If your local pro shop doesen't have them, (1st choice) then Lancaster Archery, they have almost everything.


----------



## mw31 (Apr 23, 2007)

Rhinehart has pics of all their targets with the scoring rings on their website that you could print out and laminate.


----------



## HARTMAN25 (Feb 2, 2007)

pm sent


----------



## hrtlnd164 (Mar 22, 2008)

Lancaster Archery carries them. They are made by Third Hand Archery.


----------



## Bronion30 (Jul 9, 2005)

We have both card holders!!!

www.collinsoutdoors.com


----------



## hstubblefield (Feb 16, 2008)

just get them from lancaster or archerywarehouse and maybe a pro shop around u.


----------



## OBE (Dec 4, 2009)

http://www.bossproshops.com/archery/3d.htm


----------



## whitetail101 (Aug 10, 2007)

TheDuckBuster said:


> I was wandering where you could buy the shot placement card things for the Mckenzie and Rhinehart targets.

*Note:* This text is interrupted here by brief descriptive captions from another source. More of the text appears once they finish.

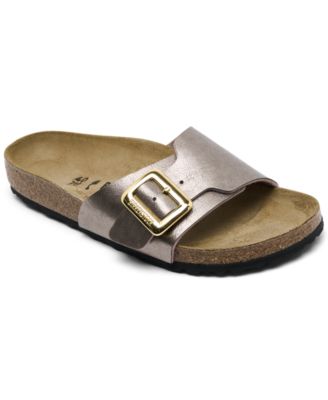 Birkenstock - Women's Catalina Luxe Buckle Birko-Flor Sandals from Finish Line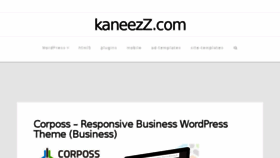 What Kaneezz.com website looked like in 2015 (9 years ago)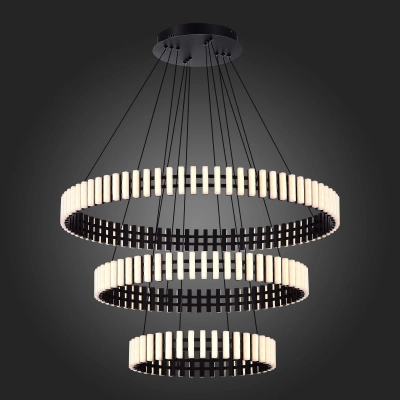 SL6203.403.105 Люстра подвесная ST-Luce Черный/Белый LED 1*105W 3000K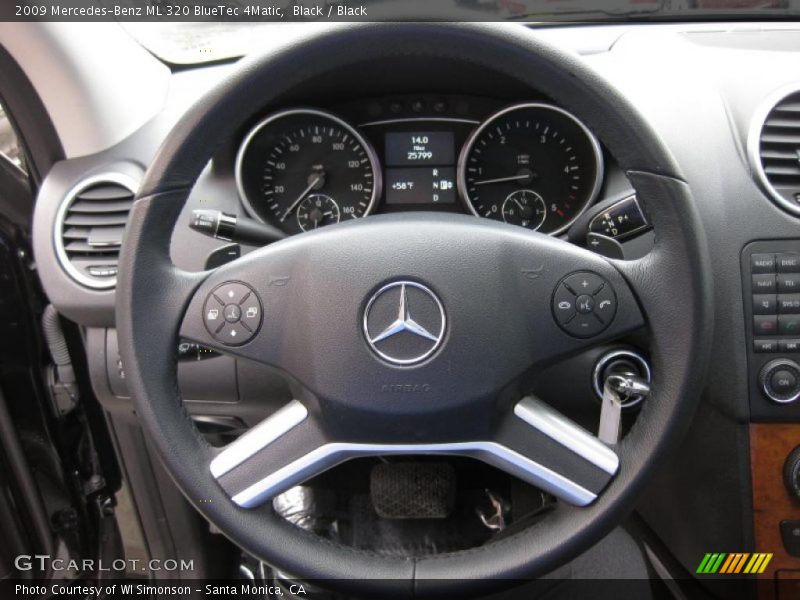 Black / Black 2009 Mercedes-Benz ML 320 BlueTec 4Matic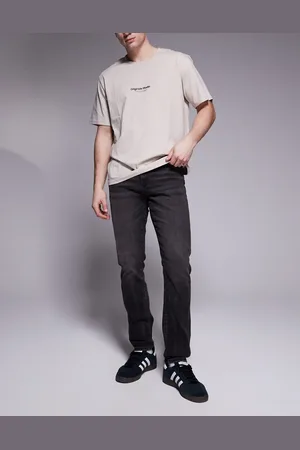 River Island Vaqueros ajustados en negro desgastado de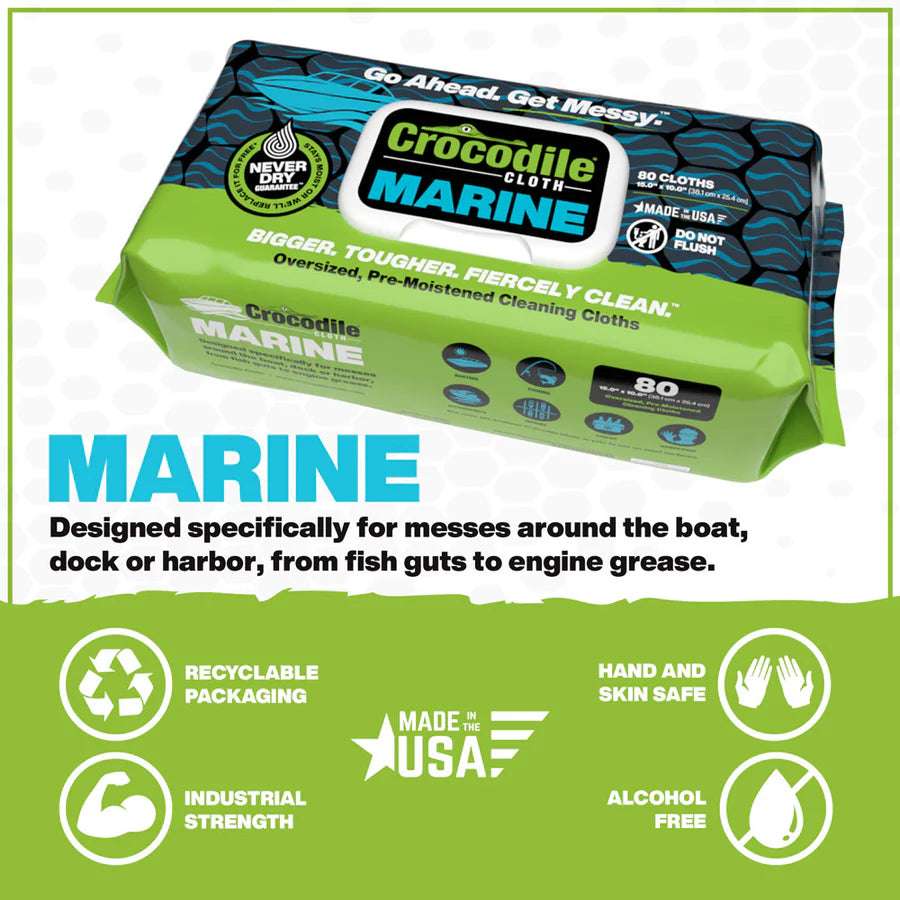 Crocodile Cloth® Marine 80/Pack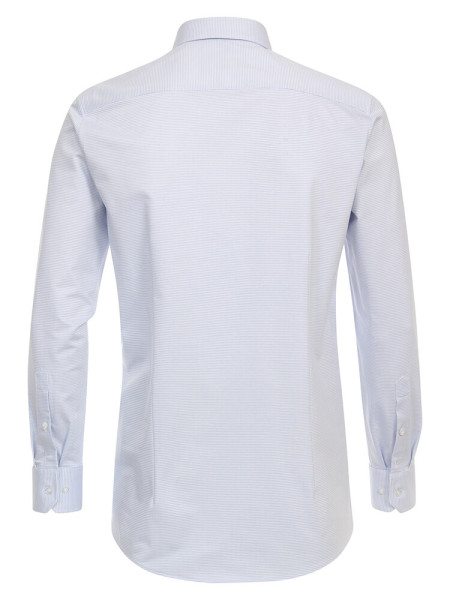 VENTI Regular Fit Overhemd Lichtblauw Kent Jersey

Also please dont just tell me they are useless and to just use binos because the shoot i am entering in doesnt allow the use of binos or range finders. So i dont care where it is just as long as i can buy a set of each i am happy
> 
> Thanks, Wesley


Unfortunately the ones for the McKenzie targets are in fact useless these days. Since the Mckenzies are now made by Delta, the rings are no longer in the same spots as they used be with the old style McKenzie targets. The Rinehart cards; however, are still a good tool to use.


----------